You know that feeling you get when it’s time to go home from a vacation? The weather is usually the nicest it’s been and you wish you could stay just a little longer. Especially when you start to think about all the tasks or chores that are awaiting you at home. You know that feeling, right?
Well, as Tom and I pulled out from our campsite for the last five nights, I didn’t have that feeling. Nope. No chores waiting. No home to go home to. Just an everlasting vacation. And we were heading out to the next leg of our adventure.
But just in case any of you that are still stuck in sticks and bricks think I’m gloating. . . it’s not all fun all the time. Sometimes the half-baked plan you come up with for your next destination just doesn’t pan out, leaving you with no place to park for the night. And that’s what happened today.
As I type this, the sun has set and we’re heading back to Harris Ranch parking lot for the night. Time to re-group. Our problem? Easter weekend. Every campground (in the whole state I believe) is full for Friday and Saturday nights. Leaving us adrift. (And longing to get out of Central California onto trusted BLM sites.)

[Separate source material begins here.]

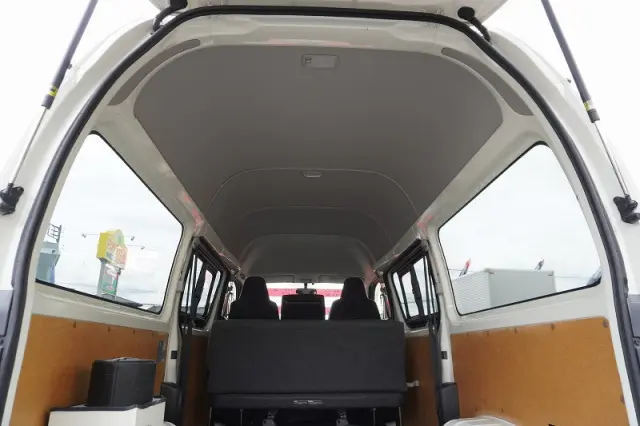 トヨタ ハイエースバン CBF-TRH200K(2WD)の写真17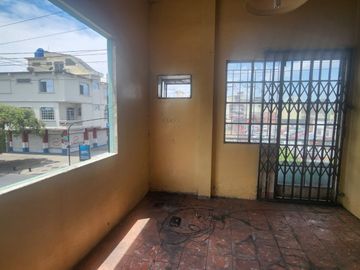 Centro de Guayaquil Comercial Esmeraldas y Clemente Ballén Esquina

Alas, we have to hang around for another week due to medical & family commitments. We would have stayed longer at the coast or perhaps headed to the hills – there are so many options around where we lived, but nothing nice is available last minute on Easter weekend. So we had to pull out of our campground at Lopez Lake on Friday.
Tom thought he had it figured out. Taking Highway 58 inland from Santa Margarita and going to a remote campsite by Soda Lake in the Carrizo Plain National Monument. It’s a place we’ve never been, but are familiar with the outlying area and figured it wouldn’t be a popular destination for Easter Egg Hunts (And we assumed the “lake” was a dry lake bed). So off we head on a road not advised for trucks with trailers.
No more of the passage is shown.